Sedangkan Tania pergi dengan tangis yang sudah pecah. Kanya duduk dengan amarah yang masih tersisa, nafasnya pun tersengal - sengal dengan air mata yang ia tahan, Gesya kembali mengelus punggung temannya itu lalu duduk disamping Kanya dengan tatapan hangatnya.

"Jika kamu mau nangis, keluarin kay, jangan ditahan. Aku ada disini dan akan selalu seperti ini," ucapnya dengan tangan yang masih mengelus punggung Kanya, sang empu mendangakan kepalanya.

"Gua gak mau cengeng."

"Yaampun kay, kamu tahu enggak? Kata ayahku menangis saat kita lagi terpuruk sangatlah melegakan, dan aku ngelakuin itu setiap malam didepan ayahku," ujarnya tersenyum, kanya tersentuh mendengarnya.

dia tak pernah sekalipun menangis didepan kedua orang tuanya, bahkan saat ia berada difase terendahnya.
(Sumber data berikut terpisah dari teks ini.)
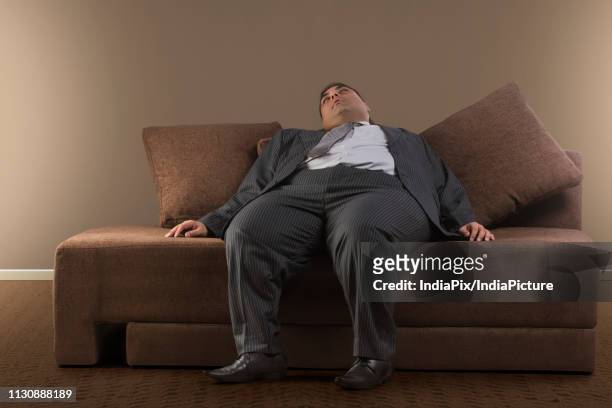 obese businessman in formal clothes sleeping on sofa at home - formal shirt stock pictures, royalty-free photos & images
Kedua orang tuanya bukannya tidak peduli, mereka berdua sangat peduli pada dirinya, namun apa daya ia terlalu egois untuk mengakuinya.

"Menurut lo, Tania pantas gak sih dapat kesempatan?" tanyanya dengan tatapan polosnya dan diangguki oleh Gesya.

"Aku rasa Tania benar - benar menyesal, terlihat dari sorot matanya. Tapi balik lagi kekamu, apakah kamu siap memberikan kesempatan untuk memperbaiki kesalahannya dimasa lalu? atau membiarkan waktu mengobatinya dan tetap terjebak dalam trauma kamu," pungkasnya seraya mengangguk kembali.

"Tapi, dia itu udah ngelakuin kesalahan yang fatal, lo tau kan? Rasanya dikhianatin sama sahabat sendiri," lirihnya dan diangguki oleh Gesya, ia berpindah posisi agar lebih dekat dengan Kanya lalu tangannya terulur untuk menggenggam tangan teman sebangkunya.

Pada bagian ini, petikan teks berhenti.